2024.10.10

書記長談話 衆議院の解散・総選挙にあたって

物価高を上回る賃上げへ具体策を

 石破首相は10月9日、衆議院を解散しました。10月15日公示、27日投開票の日程で総選挙が実施されます。10月1日の臨時国会で首相に就任し、新内閣が発足してからわずか8日という現憲法下では最短の解散です。石破首相は「新しい内閣を信任してもらえるのか、主権者たる国民に問う」と述べていますが、石破新内閣がどのような施策を進めていくのか、国民に示された材料は余りにも少なすぎると言わざるを得ません。
 臨時国会で石破首相は所信表明演説を行い、「国民の納得と共感を得られる政治の実践」を強調するとともに、「国民を守る」として物価高を上回る賃金の実現を掲げました。厚労省が発表した8月の働く人の賃金は32ヵ月連続でプラスとなっているものの、この6月に27ヵ月ぶりにプラスに転じた実質賃金は、再び物価の上昇に追い付かずマイナスとなってしまいました。

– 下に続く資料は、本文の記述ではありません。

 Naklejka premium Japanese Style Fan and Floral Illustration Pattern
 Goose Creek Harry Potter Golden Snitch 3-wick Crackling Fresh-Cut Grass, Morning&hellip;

多くの世論調査でも国民が求める政策課題の第一には物価・経済対策があげられており、所信表明演説でも低所得世帯への支援や2020年代に最低賃金を1500円まで引き上げる目標が示されたものの、「物価高を上回る賃上げ」に向けた施策は明確ではありません。早急に具体的な施策を示し、物価高騰に脅かされている国民の生活不安を解消していくことが求められています。
 全建総連はこの間、建設従事者の高齢化と若年者の入職が減少していく中で、持続可能な建設業の実現に向けて、「建設労働者の処遇改善」「担い手確保・育成」「建設キャリアアップシステムの普及・促進」を内容とする100万人国会請願署名に取り組んできました。その結果、6月には参議院で請願の採択をかちとり、建設業法等の改正へと取り組みを大きく前進させてきました。
 こうした中で行われる今回の衆議院選挙を全建総連は、物価高騰に苦しむ国民生活を守る施策や政治とカネに対する国民の不信の払拭を求めると共に、建設業法をはじめ改正担い手3法の実効性を確保し、建設従事者の賃金・単価の改善、担い手の確保・育成やリフォーム市場の支援、建設国保の安定運営、アスベスト対策など重要な課題の取り組みの前進に向けた大切な機会ととらえ、各県連・組合がそれぞれの立場から奮闘していきます。全国の仲間の皆さん、投票に行きましょう。